** INSTRUCTIONS FOR THE TASK **
Set the material down again exactly, line by line, skipping each picture.

** GIVEN MATERIAL **
===============

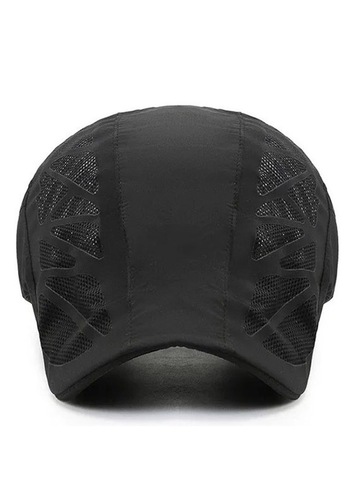 Картинка кепка Skully Wear BQM-850 black - 3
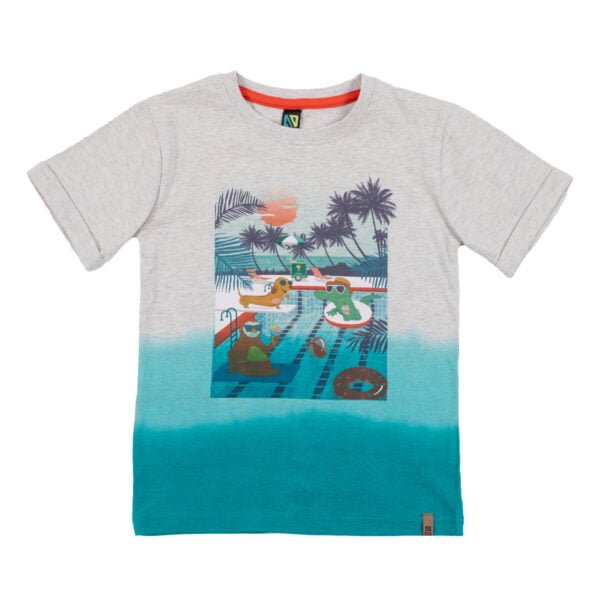 Nanö T-Shirt Collection Party Piscine VENTE FINALE – AUCUN RETOUR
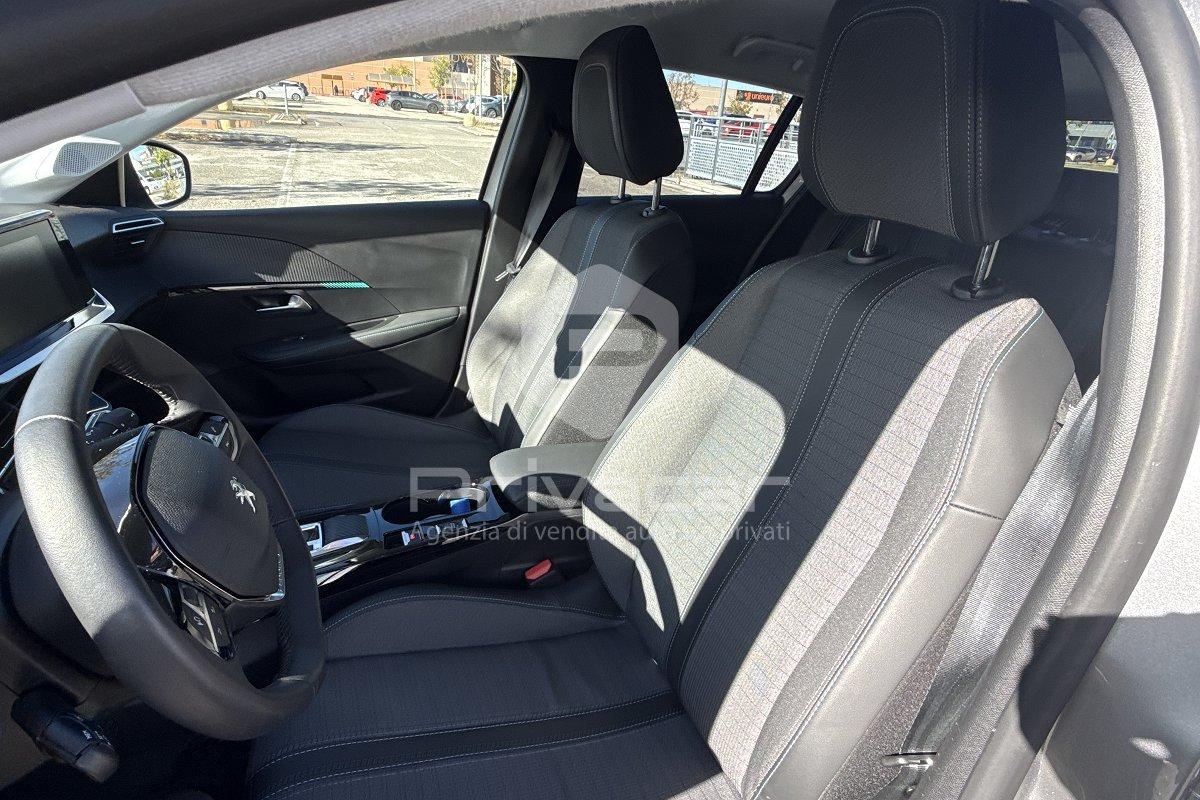 PEUGEOT 208 motore elettrico 136 CV 5 porte Allure Pack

===============

** ANSWER SECTION **
 Картинка кепка Skully Wear BQM-850 black - 3
 Nanö T-Shirt Collection Party Piscine VENTE FINALE – AUCUN RETOUR
 PEUGEOT 208 motore elettrico 136 CV 5 porte Allure Pack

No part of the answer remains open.